The welcome dinner when we arrived here on Monday was made for us by Craigardan founder and host, Michele Drozd: a beet and pear salad, lemony braised greens, and lentil soup. And divine lemon bars with a drizzle of ricotta cheese. I regret to say I did not take pictures of the meal. We were then gently guided by team Craigardan to consider signing up to make dinner for the cohort and sign up on a sheet for which night we would want to do so. Breakfast and lunch are simple enough: a pantry of staples, spices, and ingredients to cook with, and a fridge loaded with produce from the farm and yogurt and milk and eggs and bread, but dinner can be a communal, come-together experience, we were told. One of us signed up to cook Tuesday night, one of us baked sourdough bread in the morning, and I chopped heirloom tomatoes for the salad: the hardest work I’ve had to do in a kitchen ever.

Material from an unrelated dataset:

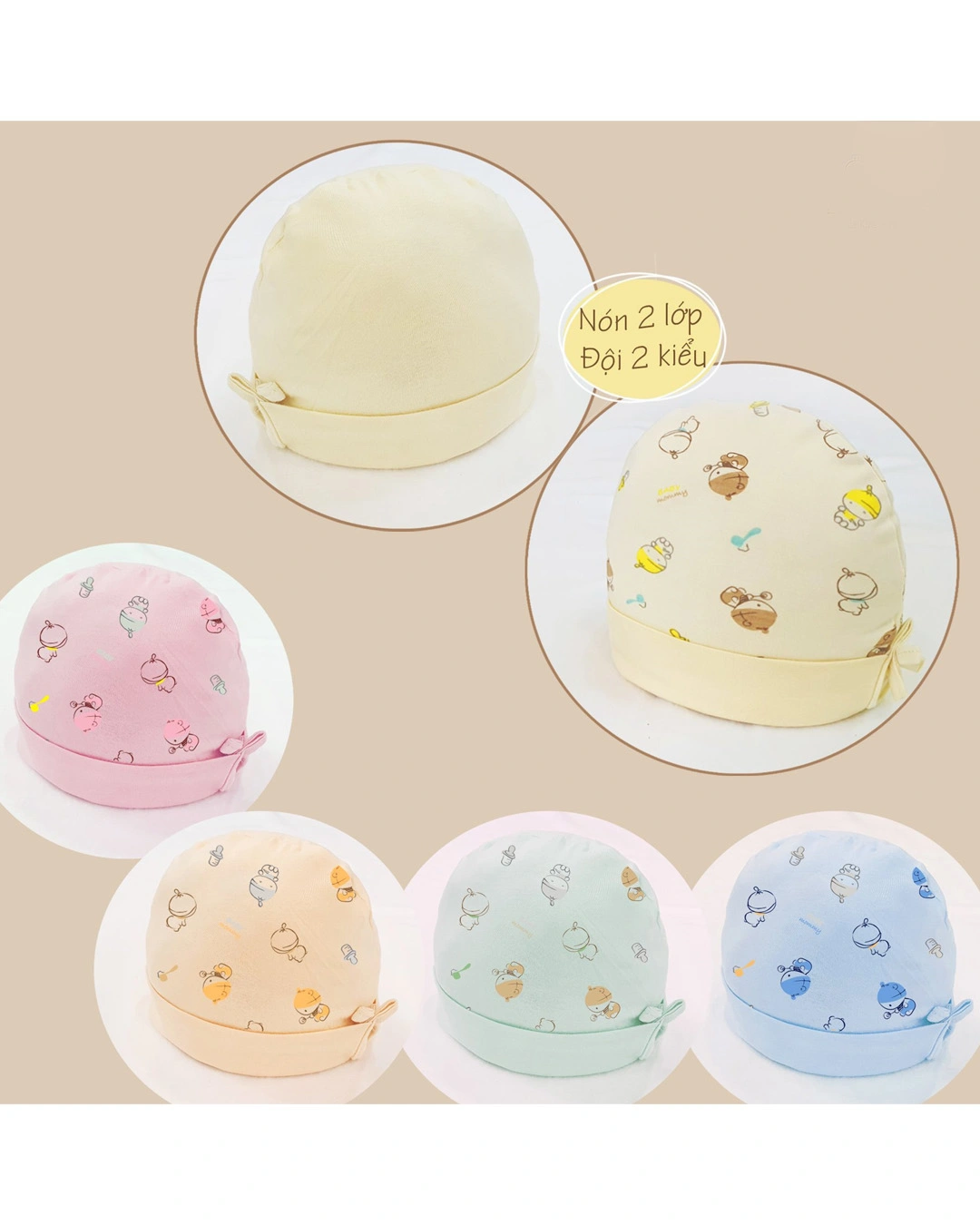 Set nón, bao tay bao chân BabyMommy 2 lớp in họa tiết em bé - Màu ngẫu nhiên (0 - 3 tháng) 3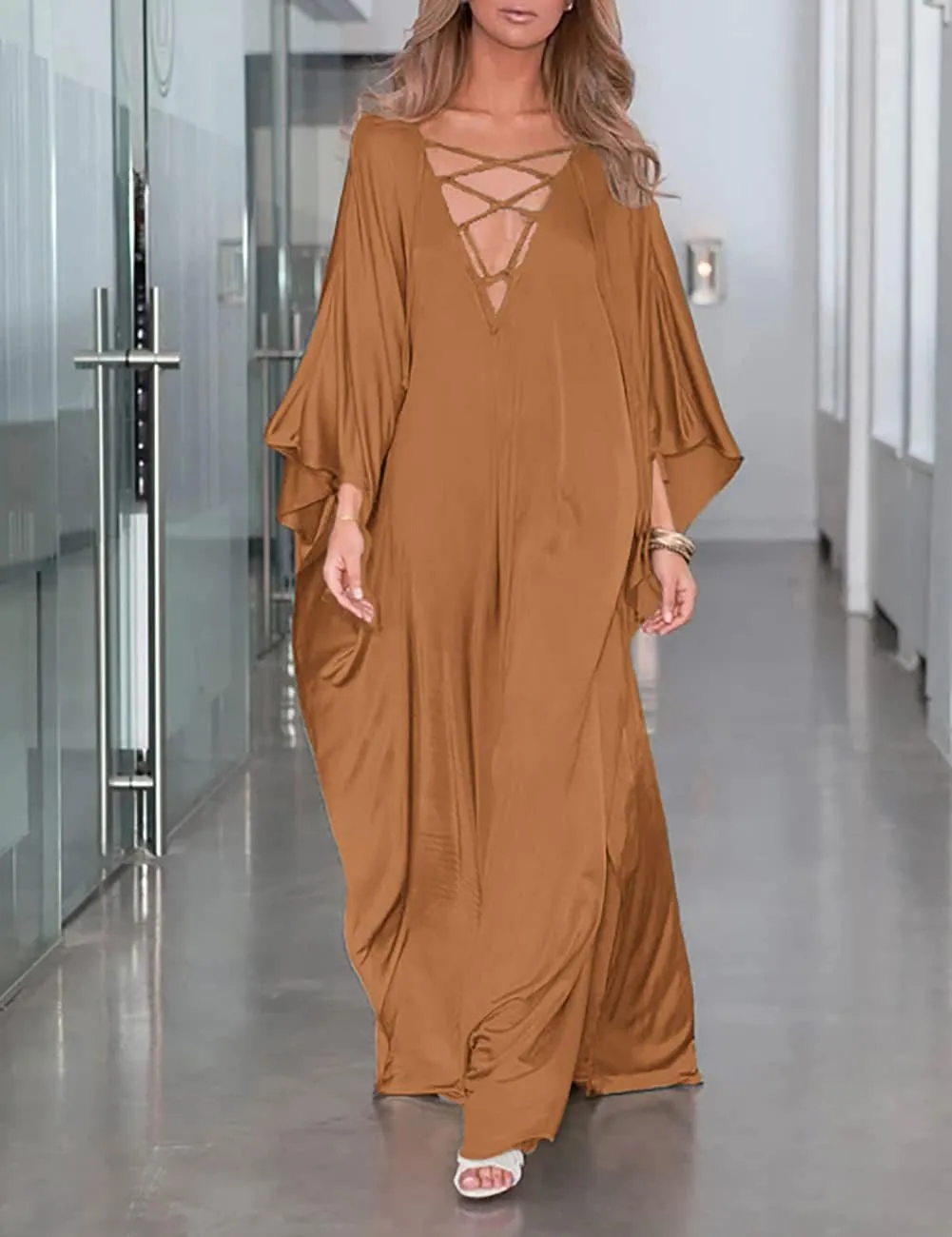 Bsubseach 2025 Long Kaftan Dresses Muumuu Plus Size V Neck Vintage Caftan Coverup Sexy Satin Dress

We sat down for a lovely, lazy dinner of bread and butter and pesto and a tomato-basil salad with basil that grows right outside the kitchen (we have a name for the plant and I will be the custodian and plant waterer and whisperer for the rest of my stay here) and a hearty black bean stew. We broke bread… and that broke the ice. We talked, we joked, we laughed, and pretty soon, each of us knew what we would make for dinner on our chosen nights to cook dinner for the cohort: hamburgers and eggplant burgers, cabbage salad, mango lassi, spinach and vegetable pulao, and cucumber raita and Indian restaurant-style yogurt-mint dip, by demand, to bathe in.
If you, like me, find yourself in the midst of strangers, and you don’t know what to say to break the ice, talk about food. You cannot go wrong. Two hours went by effortlessly, plates and bowls were licked clean, the gelid harvest moon rose in the cloudy sky, we heard songbirds twitter and chipmunks chitter and coyotes howl in the hills, we joked about bats and beavers in the Adirondacks, we made plans to trade recipes, we did the dishes and dried them and stowed them away in their places, we bid each other good night, and we walked back to our cabins, bellies and hearts full.
None of us are the same, but the converse is also true: none of us are so different that we need to stick to our corners. We just need to find common ground. And there is no greater ground, more mutual ground, more hallowed ground than food.
Bon appetit, everyone… and happy Gardaning.